▸ Task
Print the records below exactly; all of them are needed.

[[ Listed records open ]]

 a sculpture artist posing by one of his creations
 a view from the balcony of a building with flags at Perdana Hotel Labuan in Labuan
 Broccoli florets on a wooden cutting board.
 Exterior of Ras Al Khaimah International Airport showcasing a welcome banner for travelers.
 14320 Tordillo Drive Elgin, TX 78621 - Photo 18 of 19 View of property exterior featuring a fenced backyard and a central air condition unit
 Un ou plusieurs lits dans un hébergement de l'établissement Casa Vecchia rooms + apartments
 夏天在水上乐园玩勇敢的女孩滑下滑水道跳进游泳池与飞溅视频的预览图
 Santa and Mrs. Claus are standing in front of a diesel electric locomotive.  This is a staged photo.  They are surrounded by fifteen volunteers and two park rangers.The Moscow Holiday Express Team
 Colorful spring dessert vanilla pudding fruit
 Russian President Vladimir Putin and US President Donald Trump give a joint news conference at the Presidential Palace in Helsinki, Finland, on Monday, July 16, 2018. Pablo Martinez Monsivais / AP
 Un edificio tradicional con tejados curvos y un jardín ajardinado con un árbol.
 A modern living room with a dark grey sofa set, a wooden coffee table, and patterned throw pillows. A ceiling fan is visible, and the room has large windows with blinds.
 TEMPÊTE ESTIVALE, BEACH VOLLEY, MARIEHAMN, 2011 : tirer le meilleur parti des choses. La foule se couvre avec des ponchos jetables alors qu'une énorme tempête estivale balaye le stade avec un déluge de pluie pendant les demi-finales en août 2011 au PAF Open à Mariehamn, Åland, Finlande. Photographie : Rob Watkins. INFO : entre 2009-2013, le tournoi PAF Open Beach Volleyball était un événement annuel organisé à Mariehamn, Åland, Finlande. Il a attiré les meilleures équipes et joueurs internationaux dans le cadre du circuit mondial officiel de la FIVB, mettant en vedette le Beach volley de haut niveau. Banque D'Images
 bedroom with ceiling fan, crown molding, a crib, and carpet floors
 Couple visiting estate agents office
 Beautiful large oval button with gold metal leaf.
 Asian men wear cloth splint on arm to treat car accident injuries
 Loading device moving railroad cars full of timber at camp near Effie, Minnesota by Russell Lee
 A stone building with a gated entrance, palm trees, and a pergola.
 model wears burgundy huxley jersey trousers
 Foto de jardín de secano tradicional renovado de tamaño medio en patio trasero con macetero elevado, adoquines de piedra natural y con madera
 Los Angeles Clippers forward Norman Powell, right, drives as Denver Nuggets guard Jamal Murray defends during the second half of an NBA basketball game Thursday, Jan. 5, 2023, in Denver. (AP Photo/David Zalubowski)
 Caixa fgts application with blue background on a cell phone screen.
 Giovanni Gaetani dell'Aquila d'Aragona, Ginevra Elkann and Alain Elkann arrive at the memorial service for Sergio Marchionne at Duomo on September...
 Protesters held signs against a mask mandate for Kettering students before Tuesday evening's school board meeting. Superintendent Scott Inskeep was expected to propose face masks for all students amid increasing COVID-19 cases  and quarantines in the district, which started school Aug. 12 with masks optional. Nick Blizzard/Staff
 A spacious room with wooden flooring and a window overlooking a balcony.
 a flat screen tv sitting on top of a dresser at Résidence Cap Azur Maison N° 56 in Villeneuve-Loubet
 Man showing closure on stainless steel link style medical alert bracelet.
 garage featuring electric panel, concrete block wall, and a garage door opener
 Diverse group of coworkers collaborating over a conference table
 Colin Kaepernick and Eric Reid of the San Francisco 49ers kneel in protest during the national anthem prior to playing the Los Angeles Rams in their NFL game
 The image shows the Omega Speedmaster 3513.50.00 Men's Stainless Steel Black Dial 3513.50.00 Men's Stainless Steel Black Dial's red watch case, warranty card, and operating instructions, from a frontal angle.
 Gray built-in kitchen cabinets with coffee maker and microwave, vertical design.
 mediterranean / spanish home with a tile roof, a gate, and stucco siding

[[ Listed records closed ]]

▸ Answer to this problem
 a sculpture artist posing by one of his creations
 a view from the balcony of a building with flags at Perdana Hotel Labuan in Labuan
 Broccoli florets on a wooden cutting board.
 Exterior of Ras Al Khaimah International Airport showcasing a welcome banner for travelers.
 14320 Tordillo Drive Elgin, TX 78621 - Photo 18 of 19 View of property exterior featuring a fenced backyard and a central air condition unit
 Un ou plusieurs lits dans un hébergement de l'établissement Casa Vecchia rooms + apartments
 夏天在水上乐园玩勇敢的女孩滑下滑水道跳进游泳池与飞溅视频的预览图
 Santa and Mrs. Claus are standing in front of a diesel electric locomotive.  This is a staged photo.  They are surrounded by fifteen volunteers and two park rangers.The Moscow Holiday Express Team
 Colorful spring dessert vanilla pudding fruit
 Russian President Vladimir Putin and US President Donald Trump give a joint news conference at the Presidential Palace in Helsinki, Finland, on Monday, July 16, 2018. Pablo Martinez Monsivais / AP
 Un edificio tradicional con tejados curvos y un jardín ajardinado con un árbol.
 A modern living room with a dark grey sofa set, a wooden coffee table, and patterned throw pillows. A ceiling fan is visible, and the room has large windows with blinds.
 TEMPÊTE ESTIVALE, BEACH VOLLEY, MARIEHAMN, 2011 : tirer le meilleur parti des choses. La foule se couvre avec des ponchos jetables alors qu'une énorme tempête estivale balaye le stade avec un déluge de pluie pendant les demi-finales en août 2011 au PAF Open à Mariehamn, Åland, Finlande. Photographie : Rob Watkins. INFO : entre 2009-2013, le tournoi PAF Open Beach Volleyball était un événement annuel organisé à Mariehamn, Åland, Finlande. Il a attiré les meilleures équipes et joueurs internationaux dans le cadre du circuit mondial officiel de la FIVB, mettant en vedette le Beach volley de haut niveau. Banque D'Images
 bedroom with ceiling fan, crown molding, a crib, and carpet floors
 Couple visiting estate agents office
 Beautiful large oval button with gold metal leaf.
 Asian men wear cloth splint on arm to treat car accident injuries
 Loading device moving railroad cars full of timber at camp near Effie, Minnesota by Russell Lee
 A stone building with a gated entrance, palm trees, and a pergola.
 model wears burgundy huxley jersey trousers
 Foto de jardín de secano tradicional renovado de tamaño medio en patio trasero con macetero elevado, adoquines de piedra natural y con madera
 Los Angeles Clippers forward Norman Powell, right, drives as Denver Nuggets guard Jamal Murray defends during the second half of an NBA basketball game Thursday, Jan. 5, 2023, in Denver. (AP Photo/David Zalubowski)
 Caixa fgts application with blue background on a cell phone screen.
 Giovanni Gaetani dell'Aquila d'Aragona, Ginevra Elkann and Alain Elkann arrive at the memorial service for Sergio Marchionne at Duomo on September...
 Protesters held signs against a mask mandate for Kettering students before Tuesday evening's school board meeting. Superintendent Scott Inskeep was expected to propose face masks for all students amid increasing COVID-19 cases  and quarantines in the district, which started school Aug. 12 with masks optional. Nick Blizzard/Staff
 A spacious room with wooden flooring and a window overlooking a balcony.
 a flat screen tv sitting on top of a dresser at Résidence Cap Azur Maison N° 56 in Villeneuve-Loubet
 Man showing closure on stainless steel link style medical alert bracelet.
 garage featuring electric panel, concrete block wall, and a garage door opener
 Diverse group of coworkers collaborating over a conference table
 Colin Kaepernick and Eric Reid of the San Francisco 49ers kneel in protest during the national anthem prior to playing the Los Angeles Rams in their NFL game
 The image shows the Omega Speedmaster 3513.50.00 Men's Stainless Steel Black Dial 3513.50.00 Men's Stainless Steel Black Dial's red watch case, warranty card, and operating instructions, from a frontal angle.
 Gray built-in kitchen cabinets with coffee maker and microwave, vertical design.
 mediterranean / spanish home with a tile roof, a gate, and stucco siding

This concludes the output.